> _TASK TO COMPLETE_
From the first line to the last, repeat the data exactly and drop the pictures.

> _INFORMATION PROVIDED_
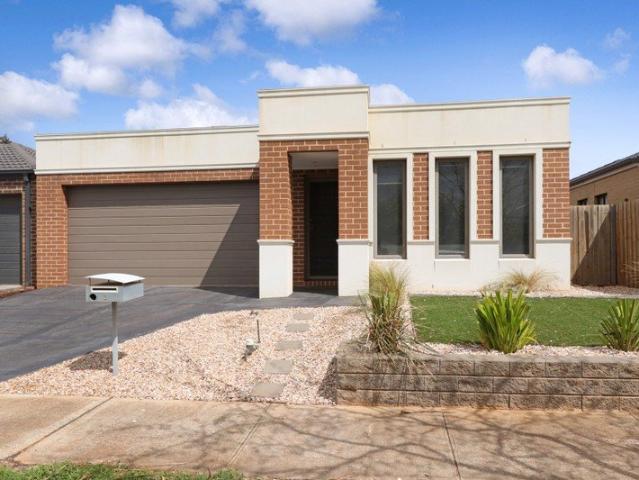 Welcome to this meticulously maintained 3 bedroom, 2 bathroom home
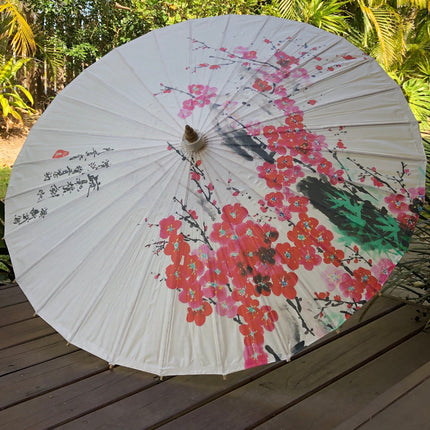 cherry blossom paper parasol with Chinese characters on timber deck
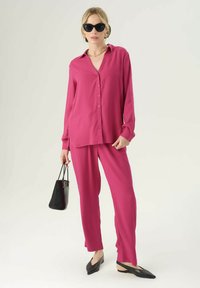 Camicia fucsia a maniche lunghe e pantaloni coordinati, in tessuto leggero, vestibilità comoda, abbinati a una borsa nera e ballerine a punta. Occhiali da sole neri.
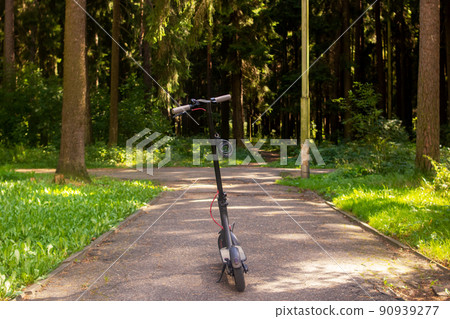 Electric scooter on a green forest background Electric scooter on a green forest background 90939277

> _RESPONSE TO THIS TASK_
 Welcome to this meticulously maintained 3 bedroom, 2 bathroom home
 cherry blossom paper parasol with Chinese characters on timber deck
 Camicia fucsia a maniche lunghe e pantaloni coordinati, in tessuto leggero, vestibilità comoda, abbinati a una borsa nera e ballerine a punta. Occhiali da sole neri.
 Electric scooter on a green forest background Electric scooter on a green forest background 90939277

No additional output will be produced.